A couple weeks ago, Zack and I took another day trip to another national park: Death Valley. Similar to our trip to Sequoia National Park, this one is almost a stretch for a day trip BUT 100% doable, and I’m going to share with you our 1 day itinerary, so the planning is done! Read on, feel inspired, and hit the road!
5:30am Leave Los Angeles
9:00am Arrive at Death Valley // We entered from the west side via Panamint Springs and stopped at the gas station (you cant miss it!) to fill up for the day. There are a few stations within the park, but we wanted to be safe!
10:00am Arrive at the Mesquite Flat Sand Dunes // After fueling up, we drove about 40 minutes into the park before we arrived at our first destination of the day. The sand dunes were EPIC. There’s a small parking lot, and from there you can just walk out into the dunes. We probably spent an hour and a half wandering up and down the dunes. You definitely want to walk towards the taller dunes – the views are unreal from the top!
12:30pm Head to Zabriskie Point // Drive 30 minutes then park and enjoy the stunning view from the lookout point. The landscape was unreal and so beautiful. We spent about 20 minutes enjoying the view then headed to our car for a picnic lunch.
1:30pm Artists Drive & Artists Palette // The scenic 9-mile drive through canyons and colorful mountains was on the top of my list. It’s a one-way road traveling south to north, and the turnoff is located about 9 miles south of Furnace Creek on Badwater Road. There’s a small sign, but it’s pretty easy to spot. The drive will take you minimum 40 minutes (slow speed limit), but plan to spend about 1-1.5 hours here. Artists Palette is the most popular stop on the drive – the colors are unbelievable. Minty blues and greens,, soft pinks and purples, reds and oranges. We walked up and down the windy trails through the canyons and just took it all in.
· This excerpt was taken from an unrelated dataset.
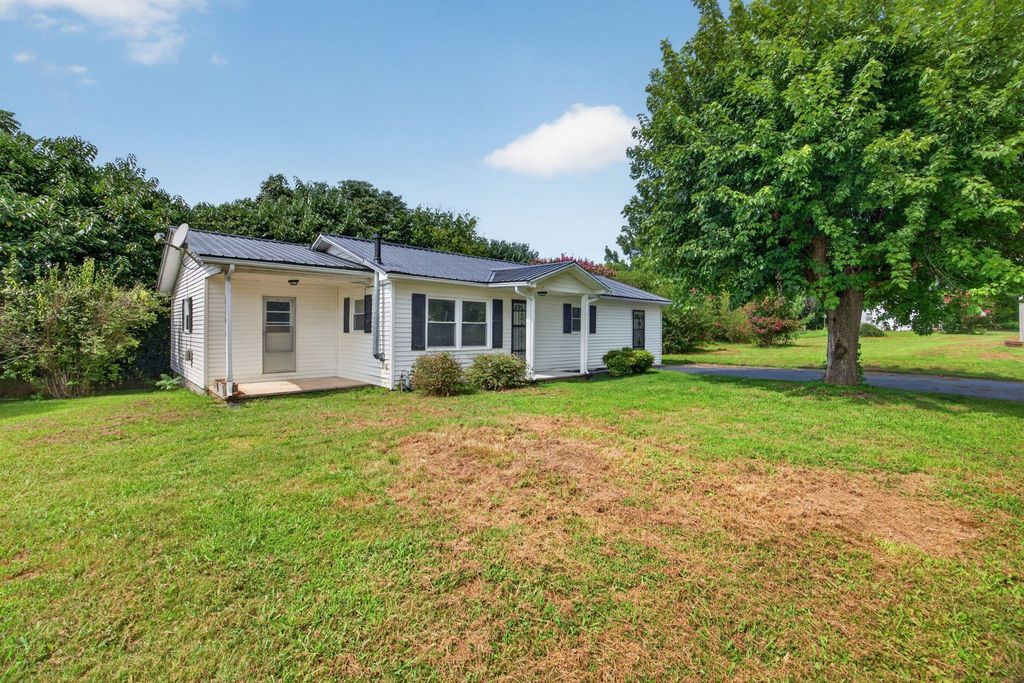 740 Pleasant Hill Rd, Sparta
4:00pm Sunset at Badwater Basin Salt Flats // Badwater Basin should be at the top of your list – it’s one of the park’s major highlights as it’s the lowest point in North America (282 ft below sea level). We heard that sunset over the salt flats is supposed to be beautiful, so we planned this as our last stop for the day. Sunset was around 4:45, but we wanted to have time to walk out onto the flats and see them with some daylight as well. There’s a parking lot right in front of the boardwalk that leads out to the salt flats, and the “trail” is essentially just a straight shot. The first quarter mile or so is flattened and packed salt, but as you continue straight you’ll come across the salt polygons that seem to go on forever. We probably walked about a mile out before turning around. It’s flat and very easy to walk, but I imagine the heat would be BRUTAL in the spring/summer months. It was only in the 50s during our visit.
5:30pm Head home // By now it was completely dark, so it was time to start heading home. From Badwater Basin it was about a 1.5 hour drive to exit the park.
7:00pm Pull over for some stargazing // Right before we exited the park, we pulled over at a turnout, turned off all the car lights, and looked up at the stars. There were NO other cars or light pollution so it was UNBELIEVABLE how many stars and planets you could see. (Tried to snap a pic with my iphone which actually turned out cool but definitely doesn’t do it justice!) Even as we continued our drive home, we ended up seeing a GIANT shooting star – bigger than anything either of us had ever seen. Turns out it was a Taurid Fireball.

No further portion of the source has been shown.